Foreclosure Crisis Gets Final 'Nail in the Coffin': Attom

Foreclosure filings dropped to the lowest level reported since December 2005, signaling the end of the country's foreclosure crisis, according to Attom Data Solutions.

In September, there were 82,972 properties in foreclosure, down 13% from August and 24% from the same time a year earlier. For the third quarter, there were a total of 293,190 properties with foreclosure filings, representing a 4% increase from the previous quarter but a 10% drop from a year ago.

But perhaps the clearest indication that the housing market has reached the end of the foreclosure crisis is in the year-over-year decline in the average time to foreclose. Properties foreclosed in the third quarter took 625 days on average to complete foreclosure, down one day from the second quarter and five days from the third quarter of 2015.

This is the first time that indicator has decreased year over year since Attom began tracking foreclosure timelines in 2007.

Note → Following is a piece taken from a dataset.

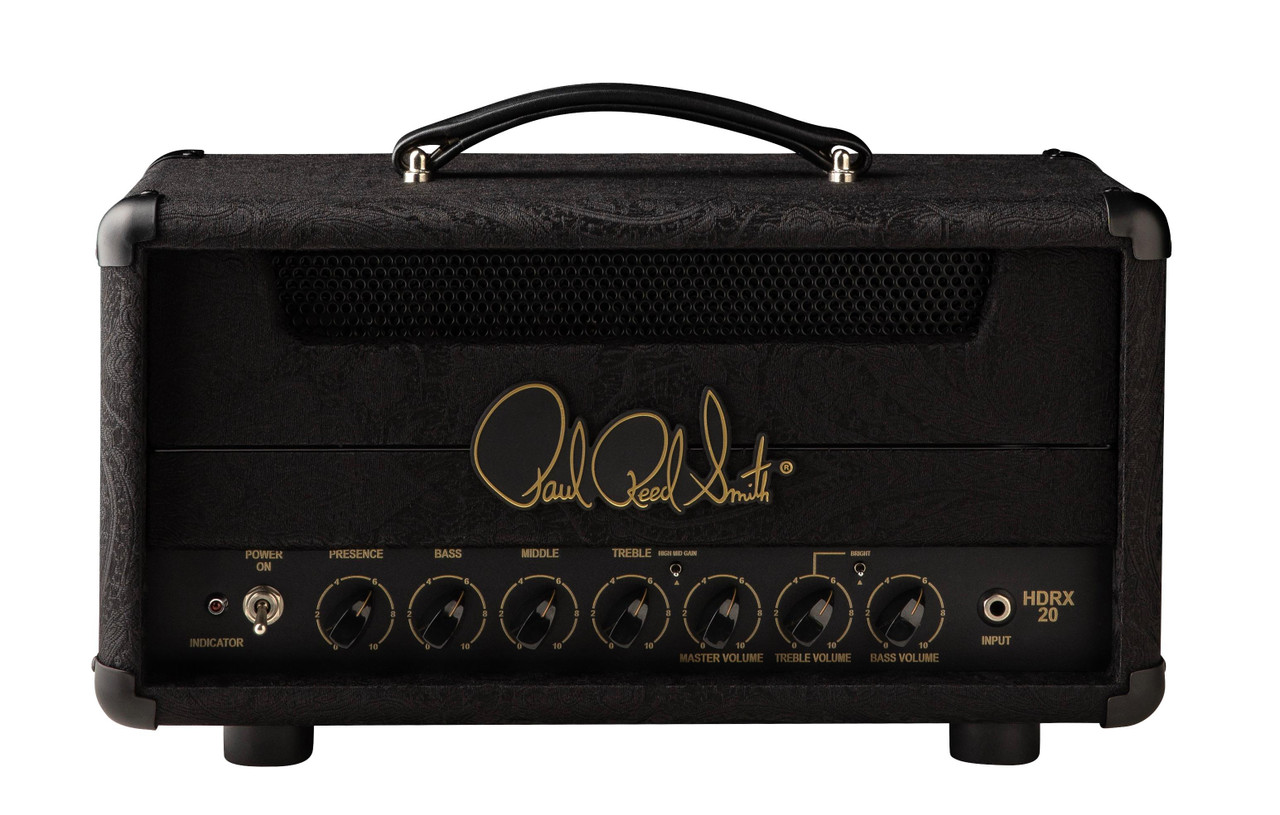 PRS Limited Edition HDRX 20 "Hendrix" Valve Amp Head in Black Paisley PRS Limited Edition HDRX 20 "Hendrix" Valve Amp Head in Black Paisley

"While we've known that the national foreclosure problem has been dying a long, slow death for quite some time, the final nail in the coffin of the foreclosure crisis is the year-over-year decrease in the average foreclosure timeline nationwide that we saw in Q3 2016," Daren Blomquist, senior vice president at Attom Data Solutions, said in a news release.

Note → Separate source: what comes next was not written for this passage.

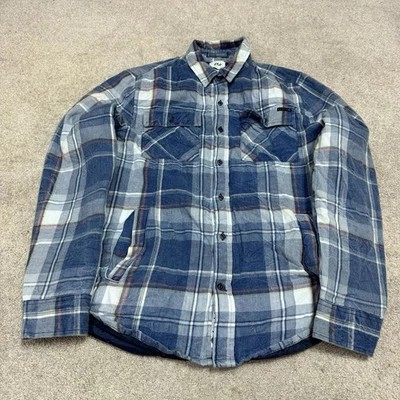 Rusty Button Down Shirt Multicolored Plaid Heavyweight Men’s Size Small - Image 1 of 4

"The decrease in the average foreclosure timeline indicates that banks have worked through the bulk of the legacy foreclosure backlog in most states — with a few lingering exceptions — and that most of the foreclosures being completed now are relatively recent defaults that are more efficiently progressing through the foreclosure pipeline."

Additionally, Attom reported that foreclosure starts totaled 34,685 properties, a 13% month-over-month decrease and an 11-year low. Bank repossessions also dropped 12% from August and 32% from September 2015 to 27,514 properties.